Fantastic work. You are very talented. Can't wait to see the chairs.


----------



## Jeanne000 (Jul 17, 2014)

Gorgeous!! Can't wait to see the chairs.


----------



## Tirzah (May 19, 2006)

Wow, your table is just beautiful! Wonderful craftsmanship. It must be a great feeling knowing that you created something like that from trees. I think $600. would be too low a price.


----------



## christinarobert (Sep 19, 2014)

Fantastic work! This is really a beautiful table. Good job!

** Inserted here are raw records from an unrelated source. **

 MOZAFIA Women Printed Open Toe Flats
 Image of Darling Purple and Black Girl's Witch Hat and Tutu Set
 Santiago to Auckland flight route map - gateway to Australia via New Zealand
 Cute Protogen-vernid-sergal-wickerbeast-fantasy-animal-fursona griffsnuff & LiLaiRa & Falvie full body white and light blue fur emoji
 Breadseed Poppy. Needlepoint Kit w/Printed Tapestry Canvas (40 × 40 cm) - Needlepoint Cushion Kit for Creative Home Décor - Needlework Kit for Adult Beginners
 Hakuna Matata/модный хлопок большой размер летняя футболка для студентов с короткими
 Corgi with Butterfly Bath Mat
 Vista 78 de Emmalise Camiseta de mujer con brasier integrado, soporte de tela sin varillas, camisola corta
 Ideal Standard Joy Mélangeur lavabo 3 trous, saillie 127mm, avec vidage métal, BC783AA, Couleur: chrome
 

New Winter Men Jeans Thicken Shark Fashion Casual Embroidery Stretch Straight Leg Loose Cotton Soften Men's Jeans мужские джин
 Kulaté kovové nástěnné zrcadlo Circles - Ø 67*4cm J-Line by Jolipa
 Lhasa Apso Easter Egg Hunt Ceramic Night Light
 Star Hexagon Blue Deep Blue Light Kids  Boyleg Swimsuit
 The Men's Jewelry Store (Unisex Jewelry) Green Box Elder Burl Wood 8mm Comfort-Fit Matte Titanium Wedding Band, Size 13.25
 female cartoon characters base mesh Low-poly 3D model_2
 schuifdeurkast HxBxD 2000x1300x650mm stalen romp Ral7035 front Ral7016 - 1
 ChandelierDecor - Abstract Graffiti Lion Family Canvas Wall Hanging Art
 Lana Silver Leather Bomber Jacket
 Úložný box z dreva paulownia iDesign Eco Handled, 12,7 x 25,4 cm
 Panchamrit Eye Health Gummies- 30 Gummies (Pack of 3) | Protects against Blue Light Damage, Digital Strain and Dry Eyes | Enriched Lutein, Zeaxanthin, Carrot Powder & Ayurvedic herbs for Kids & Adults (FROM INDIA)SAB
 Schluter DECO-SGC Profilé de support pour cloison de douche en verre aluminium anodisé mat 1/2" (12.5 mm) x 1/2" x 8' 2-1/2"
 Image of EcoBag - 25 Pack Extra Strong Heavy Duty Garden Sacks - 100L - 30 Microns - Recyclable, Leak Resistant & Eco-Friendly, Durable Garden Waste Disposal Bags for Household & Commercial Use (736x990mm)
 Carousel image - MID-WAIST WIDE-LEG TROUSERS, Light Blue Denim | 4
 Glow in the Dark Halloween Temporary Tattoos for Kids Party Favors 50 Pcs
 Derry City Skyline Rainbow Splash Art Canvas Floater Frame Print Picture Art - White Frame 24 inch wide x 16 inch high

--------------------------------
Christina
Unique Indian wedding cards- A gateway to perfectly planned marriage!


----------



## henryriverfarms (Jan 27, 2014)

Ok, why can't I see the picture of the table?


----------



## Vahomesteaders (Jun 4, 2014)

Not sure. It's there


----------



## Dixie Bee Acres (Jul 22, 2013)

Vahomesteaders said:


> I will post pics of the chairs tuesday when they are done. They are a low back straight leg chair.


Any pics yet?


----------



## Candy (May 12, 2002)

I cant see the picture either


----------



## hippygirl (Apr 3, 2010)

OK...why can't I see the pic? All I see is a large outlined box with "Attached Images" above the top left corner.

I wanna seeeeeee...")


----------



## Vahomesteaders (Jun 4, 2014)




----------



## Vahomesteaders (Jun 4, 2014)




----------



## Vahomesteaders (Jun 4, 2014)

Did that work?


----------



## Dixie Bee Acres (Jul 22, 2013)

Table pics show up fine, got any chair pics?


----------



## Vahomesteaders (Jun 4, 2014)

I do. Just got to get them transferred to my new phone.


----------



## hippygirl (Apr 3, 2010)

NICE!!!!!!

You made chairs, too???


----------



## Vahomesteaders (Jun 4, 2014)

Yep. I build all furniture from scratch from local trees I process. I take dead standing timber and turn it into useful things again. I love it!


----------



## Candy (May 12, 2002)

Oh the table is BEAUTIFUL!  You are very talented.


----------



## AngieM2 (May 10, 2002)

Thanks for reposting the photos. There is a glitch the techs are searching for that is causing images before 7/21/14 to maybe not show.


----------